SAS pitches the software as providing a proactive approach to assessing green efforts, before businesses are forced to by new laws or environmentally conscious customers.

Mary Hayes Weier, Contributor

April 29, 2008

3 Min Read

SAS Institute said companies will face increasing cost and market pressures to go green, and on Tuesday introduced a new breed of performance management software it calls SAS for Sustainability Management.

SAS, which specializes in business intelligence, statistical analysis, and data management software, calls its new offering "the first decision-support software platform" for identifying strategies that address "complex environmental, social, and economic situations while achieving stakeholder objectives." In simpler terms, SAS has taken its Activity-Based Management application for analyzing and modeling the costs of various business activities, gained through a company it acquired called ABC Technologies, and customized it for green efforts.

The new software, for example, comes with hierarchies and metrics that have been pre-defined, and loaded into a dashboard and scorecard, to make it easier for businesses to participate in the Global Reporting Initiative (GRI). GRI is a 10-year-old organization that's developed a framework businesses can use to measure and report their economic, environmental, and social performance. The GRI said it has 1,500 companies, including "leading brands," using its framework.

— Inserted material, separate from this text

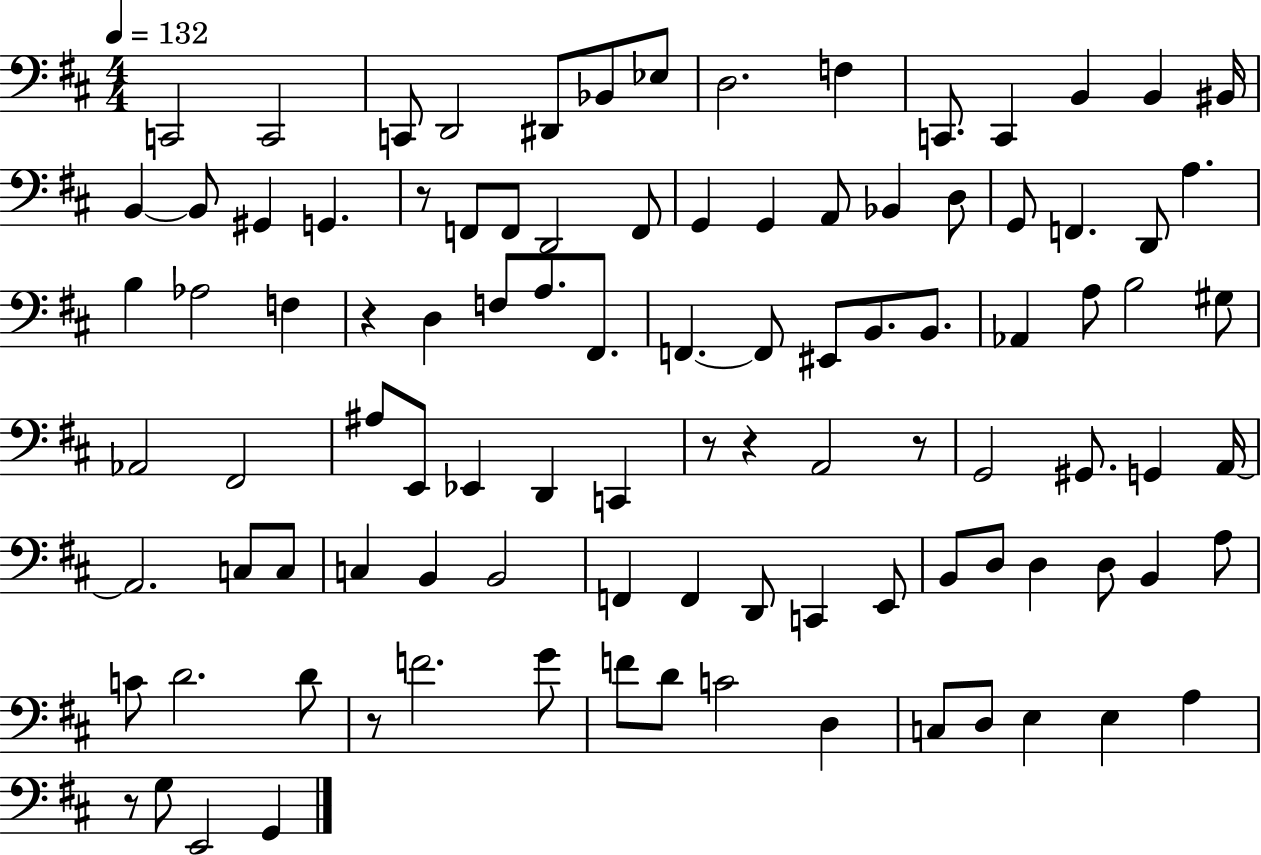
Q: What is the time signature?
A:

Companies can use SAS for Sustainability to analyze the cost of carbon emissions, model various scenarios, "and then prioritize and defend their actions for the win-win-win of people, planet and profit," said Jonathan Hornby, global marketing director for SAS performance management.

While the cost savings of using less energy are obvious, Hornby said companies will face more pressure from customers in coming months to prove they're environmentally and socially conscious. "If you're 'green washing', which means just saying it but not doing it, and don't have the transparency [into green efforts], today's generation won't accept it," Hornby said.

There's little pressure from the U.S. government for companies to become more green, but pressure could come from elsewhere. Participants at the United Nations Climate Change Conference in Bali last December set in place targets that they're pushing nations to adopt by 2009 that could result in new laws that affect businesses.

But much of SAS's bet for the software's success lies in attracting those companies choosing to take a proactive approach to sustainability, getting their green efforts in order using an organized, centralized system before they're forced to do so because of new laws or bad publicity. Other potential customers of the software are companies with a leadership staff in place that takes the issue of sustainability seriously as part of being a good corporate citizen, whether or not it impacts the bottom line. The question is whether companies will spend money on sustainability analysis software, with no looming laws forcing them to do so, during a time of economic uncertainty and carefully scrutinized IT budgets.

SAS's offering is unique in its broad approach to centralized sustainability efforts, but it's not the first one to venture down the green path. SAP's government risk and compliance business, which now falls under its Business Objects division, offers apps that help with emissions management and recycling of electrical/electronics waste, among others.